Thursday, October 2, 6pm
St. Ann's Warehouse
38 Water Street, DUMBO.

For more information call 718-237-9700

FOLK FEET FIGHT FOR DUMBO
Last year BAC's Folk Feet dancers knocked out audiences at DUMBO FIGHT NIGHT, the DUMBO Improvement District's first annual fundraiser. Team "Folk Feet" has been invited back for a second match; a line up of old- and new-school Brooklyn-based traditional dancers go toe-to-toe with dancers presented by Galapagos Art Space. The night also features amateur boxing matches arranged by Brooklyn's legendary Gleason's Gym.

BAC Folk Arts program works with Brooklyn-based folk and traditional artists and their communities to preserve and support arts that express the borough's diverse living heritage. This year's FIGHT NIGHT team introduces: El Conjunto Folklorico de Alianza Dominicana, The Brooklyn Mutants, BombaYo's Melinda Gonzalez and Dr. Drum Ortiz and Ralph King Uprock Casanova with Big Vic. 

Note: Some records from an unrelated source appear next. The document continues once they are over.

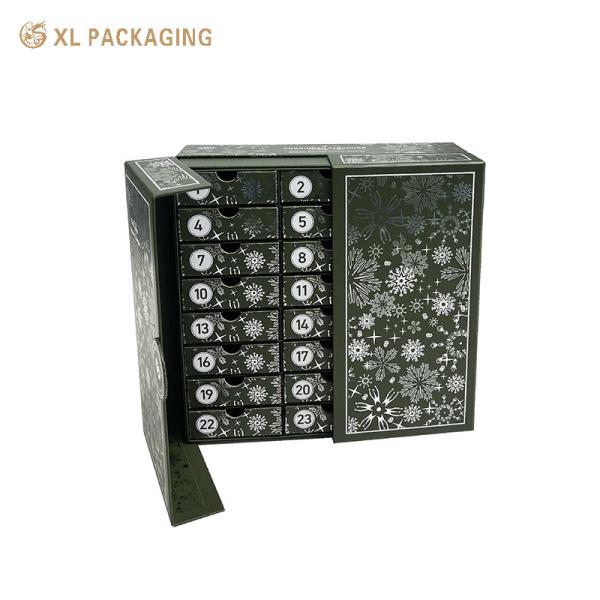 Silver Foil 24 Drawer Advent Calendar Gift Box for Coffee & Chocolate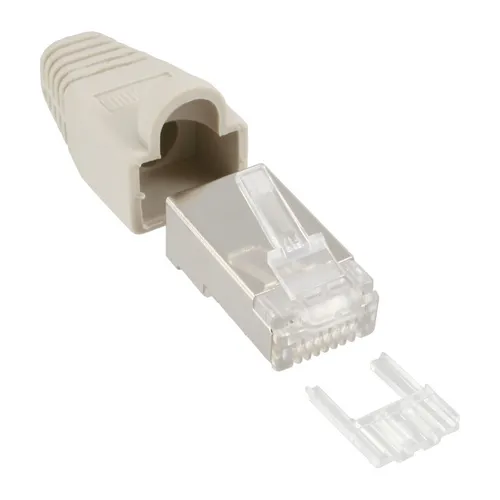 10er Pack InLine® Crimpst. RJ45 gesch.  mit Knickschutz & Einfädelhilfe  beige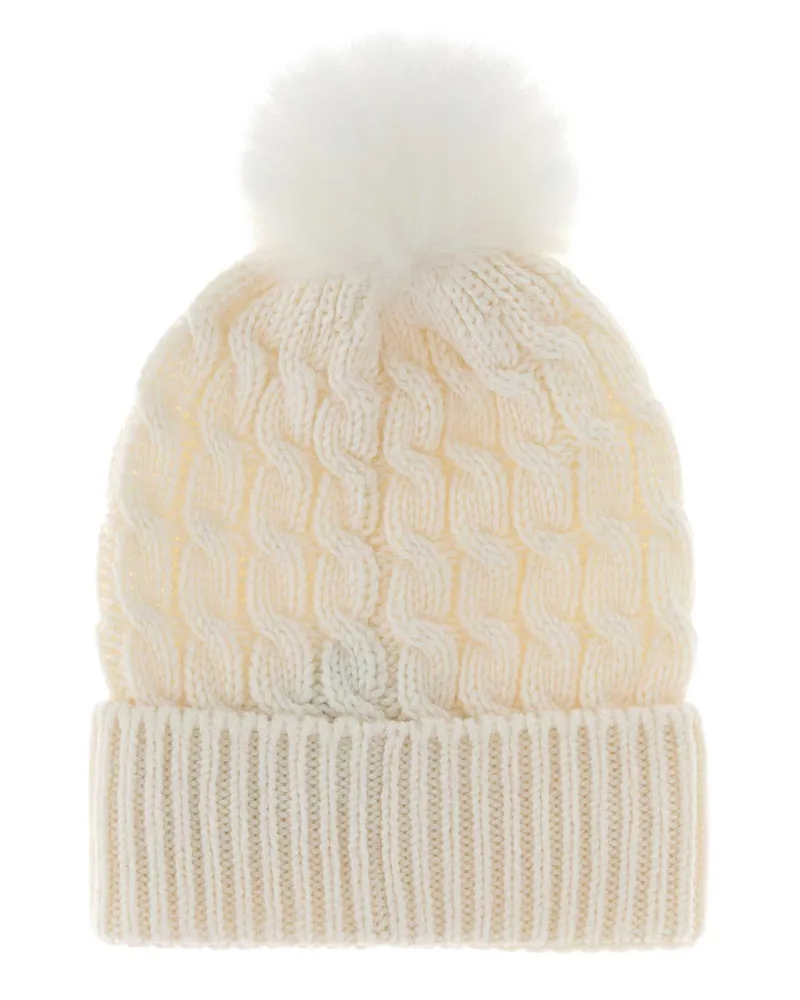 Moncler HAT Cable-Knit Wool Beanie — White White
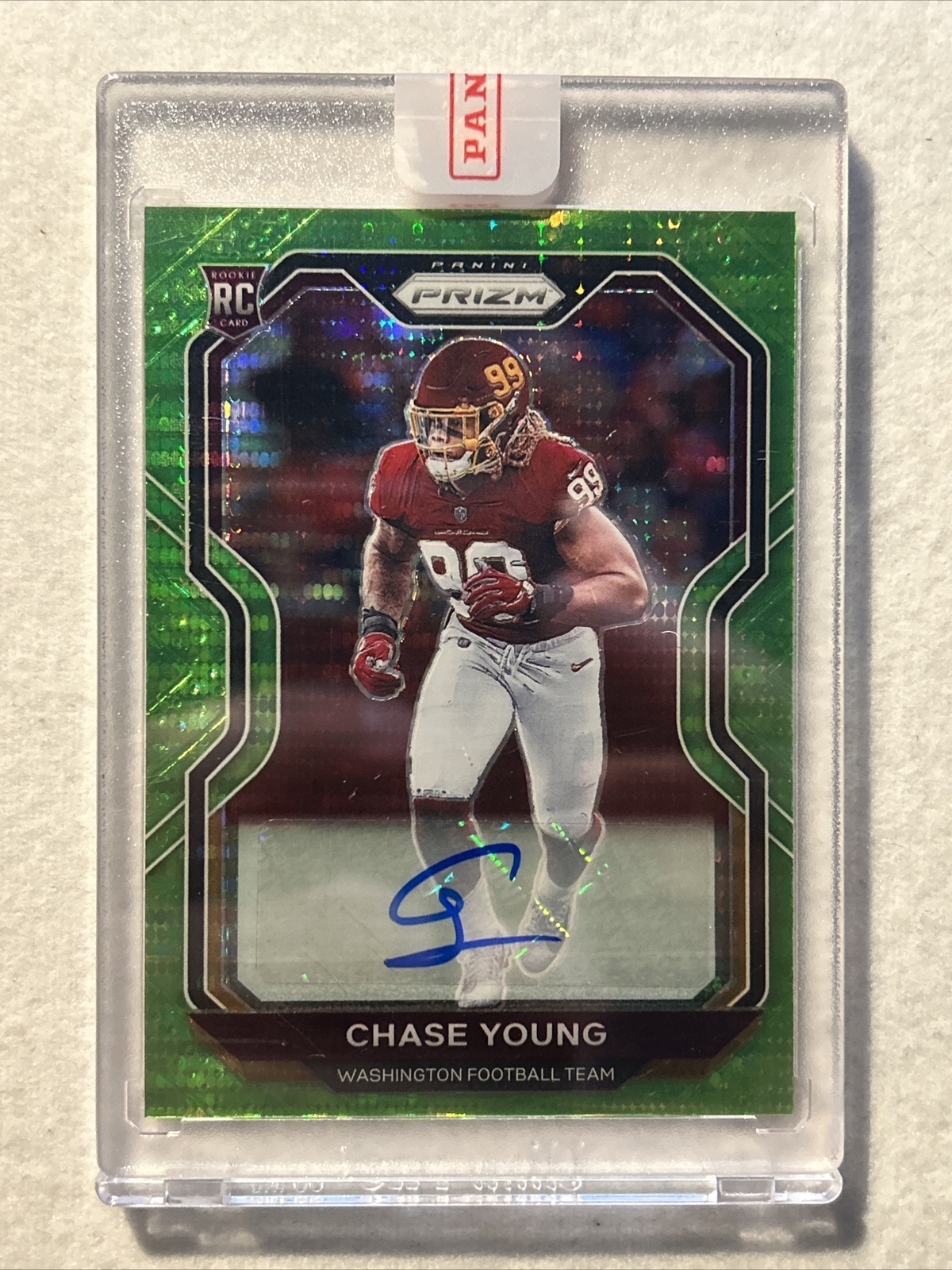2020 Panini Prizm Football Chase Young Neon Green Pulsar Rookie Auto #383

Ramon Brito and Jhibielys Ventura of El Conjunto Folkerico de Alianza Dominicana perform a segment of a challenge dance known as masquerade or wild indian, part of Dominican Republic's Cocolo dance drama traditions( buloya). These dances, declared 'Masterpieces of the Intangible Heritage of Humanity' by UNESCO were brought to Santo Domingo by late 19th C sugar cane workers from the West Indies, and are continued here in Brooklyn by troupe Director Ivan Dominguez. Ralph King Uprock Casanova, leader of Dynasty Rockers with guest dancer Big Vic of the Devil Rebels brings Brooklyn's old school street dance 'the rock dance- to the ring. Later known as uprock it was first performed in Bushwick by rockers who incorporated 1960s outlaw-influenced moves like burns and jerks into the dance. Eventually over 100 Brooklyn dance crews were battling in parks, church basements and organized contests. King Uprock earned his name at a 1980 battle. Storyboard Professoar (Saalim Muslim) and Hob-E (Habby Jacques) of the dance team Brooklyn Mutants are members of Ciruclock street dance circus, directed by premier locker Shock-a-lock. This new school lineup continues in the old school Brooklyn tradition of street dance flexing, emphasizing contortionism, bone breaks and hovers to flex dancers into new street dance mutations. Melinda Gonzalez and Jose 'Dr. Drum' Ortiz, perform bomba, Puerto Rico's oldest native art form. It is an Afro-Puerto Rican dance and song, in which dancers alternate paseos with improvised steps (piquetes), that dictate the rhythms played on the barril drum. Ortiz and Gonzalez make frequent trips to Puerto Rico to study regional styles with master bomberos and co-directer BombaYo, a youth performing troupe and cultural project.